'I've been left to rot' says tumour patient

By Marie-Louise Connolly
BBC Northern Ireland health correspondent


A woman with a benign brain tumour has said she feels as if she has been "left to rot" after a number of her hospital appointments were cancelled.

Samantha McKee, who attends the neurology department at Belfast's Royal Victoria Hospital, has not been able to see her consultant in 14 months.

Over 9,000 people in NI are waiting on a review appointment at the department.

Ms McKee is one of thousands of people who have received a cancellation letter from the Belfast Health Trust.

The letter informed them that their appointment with their neurology consultant has been cancelled.

From her home in Loughbrickland, she told the BBC, that she feels people have "given up on her".

"I feel some people have given up trying to help me. It's not the consultants, they are excellent - when you get to see them. The problem is I can't get to see my doctor. I feel I have been left to rot," she said.

Samantha is 36 and first began having neurological problems when she was 15 years old.

Doctors diagnosed her as having a benign tumour on her brain. While it is not cancerous, because of where it is, it is inoperable and its increasing size is causing her condition to deteriorate.

In the past two years, her vision has become affected, some days she is unable to walk and generally she lives from day to day.

"When I wake in the morning, I never know what way I am going to be," she said.

"There are good days and bad days, but despite what my condition is like I always feel frustrated about the system and the way the health service feels it can treat people."


A professional artist, Samantha is now unable to pursue her career. While she accepts that her condition will not improve, she says medication can give her a better quality of life.

However, over the past year, the Belfast Health Trust has written cancelling two review appointments.

A letter from the trust said that the clinicians and management team found the situation "very frustrating and disappointing". The letter acknowledged that it was an "unacceptable situation".

Samantha's sister Annita is her main carer. Annita said the disappointment of cancelled appointments is frustrating.

"These are appointments that her consultant says she needs - it is just soul destroying watching her deteriorate," she said.

The family believe that a cancelled appointment in November last year led to Samantha being on the wrong medication. She collapsed in January 2011 and was rushed to hospital.

Annita said the Belfast Health Trust told the family that an emergency appointment with a neurologist could take up to three months.
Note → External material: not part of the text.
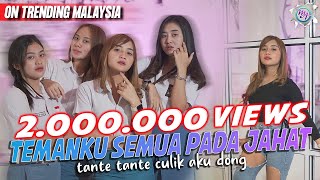Download lagu Tante Tante Culik Aku Dong - Mala Agatha mp3 Download lagu Tante Tante Culik Aku Dong - Mala Agatha mp3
The family instead spent £140 and within three days got a private appointment with her own consultant.

"Of course I don't mind spending the money, but that is not the point. Clearly there is something wrong with the system and there is no real evidence that trust management are addressing the problem," she said.

At that private appointment Samantha's medication was changed.

"We were told then, that she needed to be seen again in April, that appointment has since been cancelled.

"It's just not good enough, it is a horrendous situation. You write a letter, several letters of complaint and the least you expect back is an appointment. That doesn't happen. Meanwhile her condition is deteriorating, it is just sheer neglect."

Increasingly frustrated

Sources within the Belfast Health Trust have told the BBC that staff are becoming increasingly frustrated with a new booking appointment system that appears to be causing more problems than it solves.

Image caption,
The sisters continue to wait on an available appointment for Samantha

While the official line from the Belfast Health Trust is that the new system means there is a backlog of up to six weeks, the reality is many outpatients are having to wait almost a year for a review appointment.

The Regional Neurology Service at the Royal provides approximately 16,000 outpatient appointments every year.

Almost half of those appointments are for patients who need to have their case reviewed. For example to check if their condition has deteriorated or perhaps that their medication needs to be changed.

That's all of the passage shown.